The narrative drifts back and forth between Ruth's story of the past and metaphysical musings on such topics as appearance and reality, thinking and dreaming, life and death, order and disorder, conformity and nonconformity, the seen and the unseen. Like the American Romantics, Ruth has a philosophical questing mentality about her; she asks deep questions, uses metaphors, and employs all her resources to help make sense of the world. Through the novel's central metaphor of housekeeping, Robinson contrasts the mutability of the natural world with futile human attempts to control it. The conventional women of Fingerbone attempt to forestall the decay brought about by nature through rigid housekeeping; Sylvie, however, destroys the boundary between inside and out by keeping the doors open at all times and letting the elements in, while encouraging her nieces to play in the woods and sleep outside on the ground.
The central issue of the novel is whether Ruth will follow the norms of conventional society or accept Sylvie's terms of reality. Ruth is drawn to Sylvie and begins to identify with her, while Lucille is repelled by her aunt's odd behavior and haphazard housekeeping. The turning point comes when Lucille snaps on the lights during dinner to see the disarray: piles of tin cans and newspapers, dead leaves and debris in the corners, and burned curtains, still hanging long after Sylvie had beat out the flames with a back issue of Good Housekeeping. Hungering for a life of conformity, Lucille abandons Ruth and goes to live with her home-economics teacher. Ruth, however, makes the radical choice to flee the confines of conventional society with Sylvie. They put an end to traditional housekeeping by burning the family home, and Ruth symbolically crosses over the lake on the train trestle and becomes, like Sylvie, a self-sufficient wanderer.
Reviewers praised Housekeeping for its originality; lyrical language; vivid images of mountains, lakes and forests; quiet humor; and independent women. In The New York Times Book Review (8 February 1981) Le Anne Schreiber described Housekeeping as "one of the most original and striking novels of its time," commenting that "Marilynne Robinson has written a first novel that one reads as slowly as poetry -- and for the same reason: The language is so precise, so distilled, so beautiful that one doesn't want to miss any pleasure it might yield up to patience." Judith Gies of the Saturday Review (January 1981) called it an "extraordinary first novel... sensuous, funny, and mythic." Anatole Broyard in The New York Times (7 January 1981) noted, "Here's a first novel that sounds as if the author has been treasuring it up all her life, waiting for it to form itself.... You can feel in the book a gathering voluptuous release of confidence, a delighted surprise at the unexpected capacities of language, a close, careful fondness for people that we thought only saints felt." In Time (2 February 1981), Paul Gray remarked that Housekeeping "brilliantly portrays the impermanence of all things, especially beauty and happiness, and the struggle to keep what can never be owned."
In addition to receiving the PEN/Hemingway Award in 1982 for best first novel and the Richard and Hinda Rosenthal Award from the American Academy of Arts and Letters, Housekeeping was nominated for a PEN/Faulkner award and the Pulitzer Prize.

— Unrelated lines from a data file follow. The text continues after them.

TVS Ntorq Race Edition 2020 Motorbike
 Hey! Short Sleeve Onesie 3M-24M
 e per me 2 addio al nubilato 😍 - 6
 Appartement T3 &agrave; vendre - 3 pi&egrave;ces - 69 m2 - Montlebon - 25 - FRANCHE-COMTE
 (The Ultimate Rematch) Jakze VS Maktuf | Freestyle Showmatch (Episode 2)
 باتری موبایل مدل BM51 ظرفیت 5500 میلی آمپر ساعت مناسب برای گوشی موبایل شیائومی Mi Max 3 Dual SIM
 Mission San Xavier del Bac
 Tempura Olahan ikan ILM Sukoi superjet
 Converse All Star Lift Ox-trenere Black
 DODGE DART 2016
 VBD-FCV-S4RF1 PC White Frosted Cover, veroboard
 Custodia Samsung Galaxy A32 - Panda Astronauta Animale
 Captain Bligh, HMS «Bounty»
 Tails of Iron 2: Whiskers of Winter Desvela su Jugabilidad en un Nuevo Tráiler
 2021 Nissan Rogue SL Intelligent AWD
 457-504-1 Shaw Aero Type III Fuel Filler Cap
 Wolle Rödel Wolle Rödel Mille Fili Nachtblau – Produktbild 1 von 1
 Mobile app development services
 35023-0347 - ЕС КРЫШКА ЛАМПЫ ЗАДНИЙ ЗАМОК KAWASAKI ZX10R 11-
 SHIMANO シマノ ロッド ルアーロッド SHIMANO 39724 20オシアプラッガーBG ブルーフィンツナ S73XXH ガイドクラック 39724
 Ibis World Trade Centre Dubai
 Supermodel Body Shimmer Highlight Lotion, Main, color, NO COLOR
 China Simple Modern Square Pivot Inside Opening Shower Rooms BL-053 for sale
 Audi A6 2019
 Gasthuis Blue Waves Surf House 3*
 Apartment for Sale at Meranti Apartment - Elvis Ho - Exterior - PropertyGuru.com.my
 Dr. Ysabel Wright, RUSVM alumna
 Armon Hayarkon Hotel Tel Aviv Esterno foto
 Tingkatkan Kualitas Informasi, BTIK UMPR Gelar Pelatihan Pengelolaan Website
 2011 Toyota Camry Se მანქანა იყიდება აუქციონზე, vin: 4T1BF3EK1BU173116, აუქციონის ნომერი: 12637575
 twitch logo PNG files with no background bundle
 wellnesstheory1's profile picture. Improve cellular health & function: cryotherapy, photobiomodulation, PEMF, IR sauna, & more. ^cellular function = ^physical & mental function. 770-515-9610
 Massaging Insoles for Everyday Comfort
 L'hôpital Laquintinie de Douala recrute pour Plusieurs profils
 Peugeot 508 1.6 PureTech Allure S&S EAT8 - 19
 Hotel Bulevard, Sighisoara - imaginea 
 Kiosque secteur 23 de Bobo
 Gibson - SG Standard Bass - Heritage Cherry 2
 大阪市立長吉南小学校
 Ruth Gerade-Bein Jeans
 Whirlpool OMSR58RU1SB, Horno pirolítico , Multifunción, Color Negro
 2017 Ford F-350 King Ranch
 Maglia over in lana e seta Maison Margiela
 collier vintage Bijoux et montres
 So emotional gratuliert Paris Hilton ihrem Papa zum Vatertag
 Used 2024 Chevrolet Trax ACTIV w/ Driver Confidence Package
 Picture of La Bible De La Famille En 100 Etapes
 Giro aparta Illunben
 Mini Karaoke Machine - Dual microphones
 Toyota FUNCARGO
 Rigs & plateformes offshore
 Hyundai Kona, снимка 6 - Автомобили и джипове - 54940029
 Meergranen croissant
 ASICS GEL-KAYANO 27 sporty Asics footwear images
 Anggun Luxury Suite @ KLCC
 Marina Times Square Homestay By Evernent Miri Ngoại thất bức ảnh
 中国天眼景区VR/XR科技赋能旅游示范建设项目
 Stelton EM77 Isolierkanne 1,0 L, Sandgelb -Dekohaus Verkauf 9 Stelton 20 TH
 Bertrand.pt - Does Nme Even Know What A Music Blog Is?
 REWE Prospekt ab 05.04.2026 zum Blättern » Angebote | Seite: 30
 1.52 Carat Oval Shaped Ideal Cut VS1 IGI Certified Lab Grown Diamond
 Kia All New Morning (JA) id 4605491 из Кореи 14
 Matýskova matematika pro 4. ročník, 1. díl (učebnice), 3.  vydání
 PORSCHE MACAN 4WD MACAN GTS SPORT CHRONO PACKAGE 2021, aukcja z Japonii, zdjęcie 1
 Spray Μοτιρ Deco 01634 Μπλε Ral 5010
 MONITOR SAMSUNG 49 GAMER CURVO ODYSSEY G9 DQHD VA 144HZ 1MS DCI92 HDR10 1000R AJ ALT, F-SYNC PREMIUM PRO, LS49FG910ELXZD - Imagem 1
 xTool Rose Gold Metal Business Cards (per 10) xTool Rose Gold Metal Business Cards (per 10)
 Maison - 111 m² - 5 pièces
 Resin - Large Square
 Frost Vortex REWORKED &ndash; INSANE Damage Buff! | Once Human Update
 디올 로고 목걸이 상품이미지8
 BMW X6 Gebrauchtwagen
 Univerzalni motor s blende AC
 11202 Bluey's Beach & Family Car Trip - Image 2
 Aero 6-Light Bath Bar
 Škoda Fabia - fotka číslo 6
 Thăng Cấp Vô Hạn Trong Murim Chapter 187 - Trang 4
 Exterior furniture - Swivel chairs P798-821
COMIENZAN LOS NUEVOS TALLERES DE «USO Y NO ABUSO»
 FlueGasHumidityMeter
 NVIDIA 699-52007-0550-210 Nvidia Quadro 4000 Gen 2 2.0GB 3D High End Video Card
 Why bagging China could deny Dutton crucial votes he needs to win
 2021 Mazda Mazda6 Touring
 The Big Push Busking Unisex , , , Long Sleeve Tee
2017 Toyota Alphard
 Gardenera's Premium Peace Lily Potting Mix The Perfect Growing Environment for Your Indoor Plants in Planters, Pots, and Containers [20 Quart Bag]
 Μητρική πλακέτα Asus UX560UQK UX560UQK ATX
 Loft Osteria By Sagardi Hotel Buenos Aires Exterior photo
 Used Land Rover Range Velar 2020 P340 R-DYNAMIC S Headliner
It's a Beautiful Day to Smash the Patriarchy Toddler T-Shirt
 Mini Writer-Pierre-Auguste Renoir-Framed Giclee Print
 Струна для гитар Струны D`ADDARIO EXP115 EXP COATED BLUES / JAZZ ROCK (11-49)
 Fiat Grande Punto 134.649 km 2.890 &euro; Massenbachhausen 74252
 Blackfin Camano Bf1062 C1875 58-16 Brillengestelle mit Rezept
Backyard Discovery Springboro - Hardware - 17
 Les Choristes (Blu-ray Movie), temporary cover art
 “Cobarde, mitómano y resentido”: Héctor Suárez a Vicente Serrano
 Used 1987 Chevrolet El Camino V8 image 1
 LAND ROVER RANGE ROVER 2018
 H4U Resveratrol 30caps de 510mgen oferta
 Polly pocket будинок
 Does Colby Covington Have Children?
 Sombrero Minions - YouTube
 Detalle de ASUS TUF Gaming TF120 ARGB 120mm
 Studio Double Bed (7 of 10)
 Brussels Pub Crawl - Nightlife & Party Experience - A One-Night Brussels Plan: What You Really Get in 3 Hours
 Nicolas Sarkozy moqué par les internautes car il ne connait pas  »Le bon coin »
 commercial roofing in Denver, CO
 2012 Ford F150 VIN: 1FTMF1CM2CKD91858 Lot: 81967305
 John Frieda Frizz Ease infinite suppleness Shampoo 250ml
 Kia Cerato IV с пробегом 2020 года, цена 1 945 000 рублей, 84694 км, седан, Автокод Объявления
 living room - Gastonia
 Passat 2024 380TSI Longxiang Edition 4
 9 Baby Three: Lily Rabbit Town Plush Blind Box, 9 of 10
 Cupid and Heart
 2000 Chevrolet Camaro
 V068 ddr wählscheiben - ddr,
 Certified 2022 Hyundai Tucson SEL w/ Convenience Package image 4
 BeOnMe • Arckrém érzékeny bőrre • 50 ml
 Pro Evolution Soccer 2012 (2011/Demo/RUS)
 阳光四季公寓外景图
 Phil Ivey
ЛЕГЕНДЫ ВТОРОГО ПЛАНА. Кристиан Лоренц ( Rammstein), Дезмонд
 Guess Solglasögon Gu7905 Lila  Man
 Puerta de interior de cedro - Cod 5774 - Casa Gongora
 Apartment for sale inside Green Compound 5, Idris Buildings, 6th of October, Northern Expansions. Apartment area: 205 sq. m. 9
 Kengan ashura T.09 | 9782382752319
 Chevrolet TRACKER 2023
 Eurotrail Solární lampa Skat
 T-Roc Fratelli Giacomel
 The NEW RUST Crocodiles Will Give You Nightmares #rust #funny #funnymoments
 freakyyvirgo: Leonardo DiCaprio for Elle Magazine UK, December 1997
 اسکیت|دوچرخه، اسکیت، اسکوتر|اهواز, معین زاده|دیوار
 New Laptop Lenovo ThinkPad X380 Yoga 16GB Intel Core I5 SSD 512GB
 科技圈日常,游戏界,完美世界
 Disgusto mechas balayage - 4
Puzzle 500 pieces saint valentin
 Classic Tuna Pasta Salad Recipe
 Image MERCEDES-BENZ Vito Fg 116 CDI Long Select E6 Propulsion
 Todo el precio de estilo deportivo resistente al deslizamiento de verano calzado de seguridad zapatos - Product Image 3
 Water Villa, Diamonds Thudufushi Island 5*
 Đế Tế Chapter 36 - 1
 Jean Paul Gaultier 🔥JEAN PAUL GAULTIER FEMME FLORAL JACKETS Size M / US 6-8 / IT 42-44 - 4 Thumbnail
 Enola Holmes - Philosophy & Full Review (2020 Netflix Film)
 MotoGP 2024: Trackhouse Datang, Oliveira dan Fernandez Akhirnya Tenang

In 1987 it was made into a movie directed by Bill Forsyth and starring Christine Lahti. Housekeeping was also included as one of The New York Times' "Books of the Century" (2000) and listed in the U.K. Guardian Observer's "The 100 Greatest Novels of All Time." In 2001, the novel became the first book in a statewide reading project in Idaho entitled "What If Everyone Read the Same Book?"
During the 1980s, Robinson published essays and book reviews, and she began a second novel. She also served as writer-in-residence at Washington University in St. Louis, Missouri, and held visiting professorships at the University of Kent in England; the Fine Arts Work Center in Provincetown, Massachusetts; Amherst College; the University of Massachusetts; and the University of Alabama.
In 2005, Robinson was named F. Wendell Miller Professor in the University of Iowa Writers' Workshop. A five-year renewable appointment, the Miller professorship not only recognized Robinson's distinction as an American writer but also her teaching and mentoring skills. According to the University of Iowa, the appointment "carries an annual discretionary fund to be used for scholarly work, professional travel, programmatic enhancements such as symposia, colloquia, or special visitors, or other initiatives." Robinson took a sabbatical from the Writers' Workshop in 2007 to complete her third novel.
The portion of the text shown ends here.